No dog wants to strut his stuff while sporting a brown stain right next to his eye, but such embarrassment is a thing of life for some dogs, especially miniature and toy breeds. WebMD explains that it's possible the draining system of small pups is not adequate enough to deal with all of their tears. Also, tear ducts can sometimes become blocked due to a birth defect or an eyelid that turns in toward the eye, and this is not specific to small breeds. When the tears can't drain properly, they pour over, soak into your little guy's fur and turn brown when the chemicals of the tears interact with light. Antibiotics can eliminate the staining and certain causes of blockages, while surgery is sometimes an option when antibiotics aren't doing the job.


Some dogs have perfectly well-behaved hair around their eyes, such German shepherds. Others -- picture a Maltese -- have crazy hair that darts out, curls around and acts as a method of transportation for tears. The rogue hair, or hairs, allow the tears to slide down and onto your pup's fur, producing symptoms of watery eyes, like brown stains. The trick to stopping this is simple: trim those out-of-control hairs just a bit. If you don't have grooming experience, it's best to take your dog to the groomer. Trimming around the eyes can be dangerous, especially if your little guy is a bit wild.

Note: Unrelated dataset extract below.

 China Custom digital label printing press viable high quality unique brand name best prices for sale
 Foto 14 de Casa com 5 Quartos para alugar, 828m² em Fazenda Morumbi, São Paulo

Just a tiny bit of irritation and your pup's eyes will start producing lots of tears in a short amount of time. Whether it's a tiny bug that mistook your pup's eye as his landing pad or an eyelash that's rubbing against his eye, an irritant usually produces excessive tears in the affected eye only. The irritant will often be flushed out on its own, but if your pup's eye won't stop watering after a day, set up a vet appointment.

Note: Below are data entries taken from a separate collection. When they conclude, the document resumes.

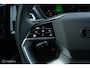 Audi Q4 e-tron 35 Advanced edition S-line 55 kWh | Stoelverwarming | ACC | 20 Inch | Trekhaak | LED | Led matrix | Camera | Sportstoelen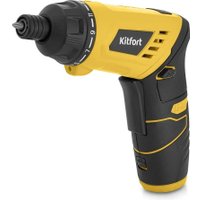 Электроотвертка Kitfort KT-6492 в Витебске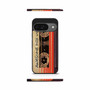 awesome guardians galaxy cassette Google Pixel 9/ Pixel 9a/ Pixel 9 Pro/ Pixel 9 Pro XL Case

Allergies in dogs don't always cause excessive eye watering, but it's definitely a symptom that can be present. Eye watering is usually one among many symptoms of allergies. Your pup will also be itchy and may have a few stomach problems, such as vomiting and diarrhea. Your vet can determine what's causing his allergy if it's something in the environment, or he'll put him on a food trial with special kibble that contains no grain and has hydrolyzed proteins that can be broken down without a problem.

It's Vet Time

If your little guy's eye waters for more than a day, it's time to go to the vet, even if you're almost certain it's nothing major. There are a slew of disorders, infections and diseases that can cause excessive eye watering aside from the most commonly encountered conditions. Glaucoma and conjunctivitis, for example, both cause watery eyes. You'll feel a lot better knowing exactly what's plaguing your pup, and he'll be better off with an expert diagnosis.

Always check with your veterinarian before changing your pet’s diet, medication, or physical activity routines. This information is not a substitute for a vet’s opinion.